Supermarket giant Sainsbury’s joined its arch rival Tesco today in declaring that it will sacrifice profits this year to see off the threat from an aggressively price cutting Asda.
The latest evidence of a growing supermarket price war came as Britain’s second biggest grocer unveiled underlying pre-tax profits of £761 million, up 9%, in the year to 1 March. The underlying retail operating profit of £1.036 billion was up 7.2%. Sales of £31.56 billion were up by 3.1%.
But the company said profits could be slightly lower this year as it invests in keener prices for customers in an increasingly competitive market.
It said: “In the year ahead we are guiding towards lower profitability to give us the capacity to sustain our strong competitive position that we’ve built over the past four years. We expect to deliver retail underlying operating profit of around £1 billion.”

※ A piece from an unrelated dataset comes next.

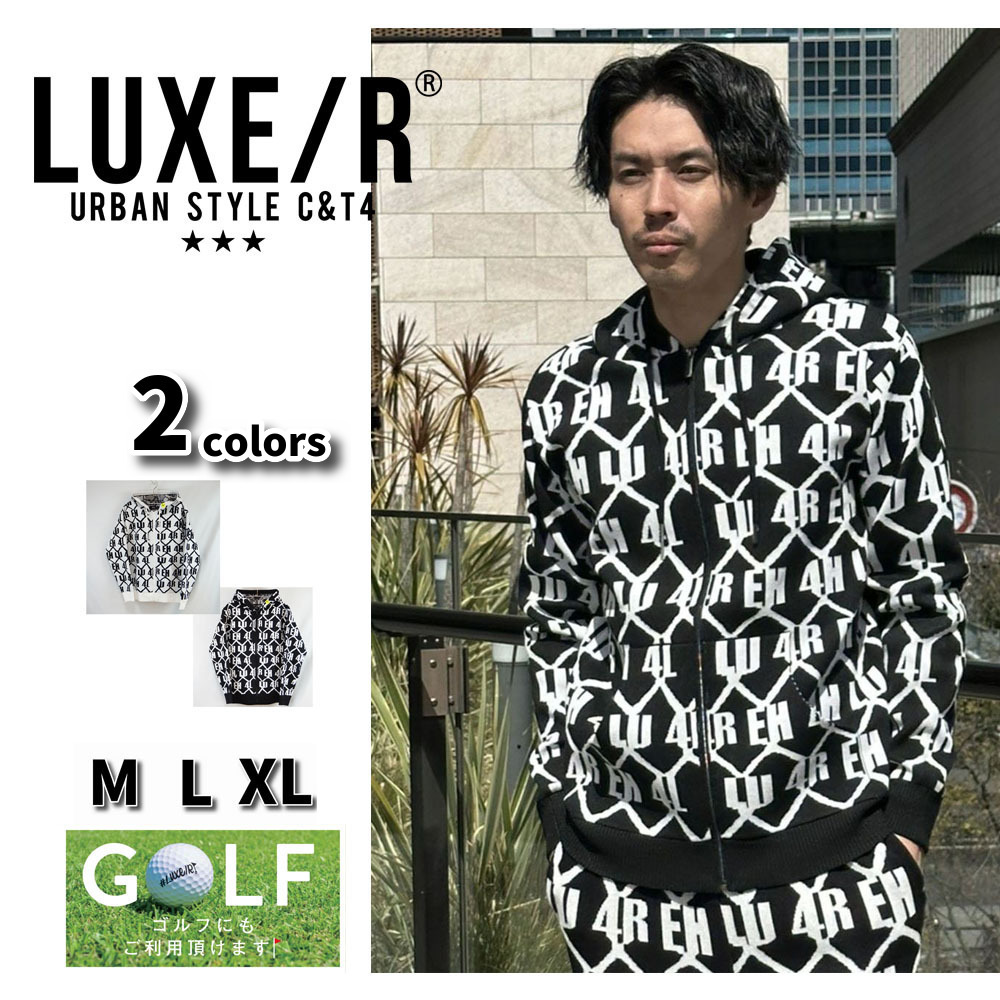 LUXE/R（ラグジュ） ラグジュゴルフ LUXE/R GOLF ジップアップ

Earlier this month Tesco said its profits could be up to £400 million lower this year if it is forced to respond to a price cutting “Rollback” offensive from a revived Asda under the leadership of Allan Leighton.

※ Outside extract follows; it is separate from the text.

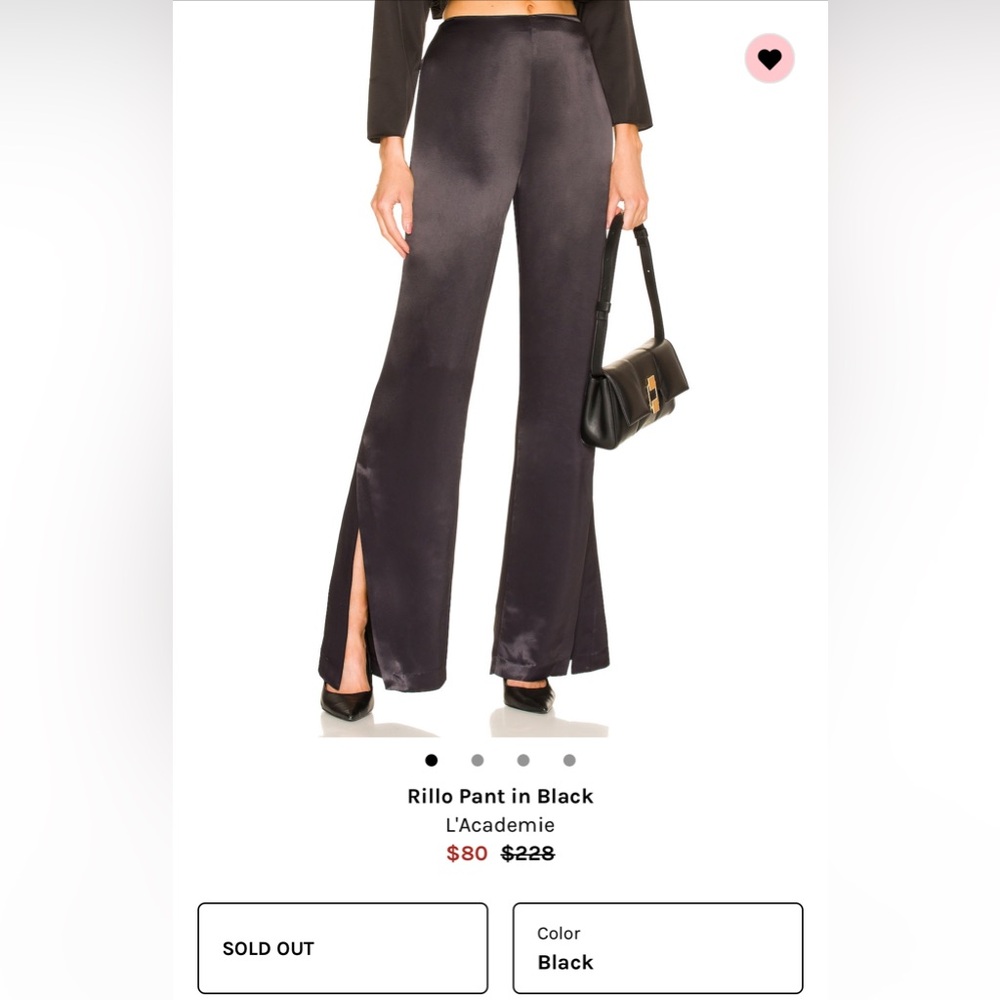 L’Academie Black Pant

In March Asda slashed the cost of 1,500 items by as much as 45 per cent.
Aarin Chiekrie, equity analyst, Hargreaves Lansdown, said Sainsbury’s “guidance looks quite conservative at around 8% below market expectations, pointing to broadly flat revenue and profit this year.
“That echoes conservative guidance from Tesco last week, and gives Sainsbury plenty of wiggle room to get its hands dirty if competition with the likes of ASDA and Tesco heats up. But shy of an all-out price war, there could be room for positive surprises as the year progresses. “
Richard Hunter, head of markets at interactive investor, said: “With the sector about to be embroiled in a trade war of its own, Sainsbury is preparing for the fight with some added momentum which should provide some protection.
“Given that in terms of market share, Sainsbury and Asda are more closely linked with numbers of 15% and 12.5% respectively, it is perhaps Sainsbury rather than Tesco who could be under most pressure.
“However, these numbers are largely ahead of expectations, and Asda will have its work cut out if it is to upset the apple cart.”
Sainsbury’s also unveiled plans for its biggest store opening programme “in over a decade” as it seeks to increase its UK market share.
The company said it bought 14 new supermarket sites during the last financial year “in key target locations” from Homebase and Co-op.
Most of these are expected to reopen as Sainsbury’s by the end of the current financial year. The company says it expects to open 15 supermarkets in total during 2025/26 as well as 50 new convenience stores over the next two years.
In total that will add more than 400,000 sq ft of new space and “bring over 700,000 more people within a ten-minute drive of a Sainsbury’s store.”
Sainsbury’s chief executive Simon Roberts said: “We’ve transformed our business over the past four years. We have created a winning combination of value, quality and service that customers love, investing £1 billion in lowering our prices.
“More people are choosing Sainsbury’s for their main grocery shop as a result, delivering our highest market share gains in more than a decade. We are committed, above all else, to sustaining the strong competitive position we have built — consistently giving customers the great value they have come to expect from Sainsbury’s — and we expect to continue to outperform the market.”
The supermarket group also announced a share buyback of £200 million plus a special dividend of £250 million.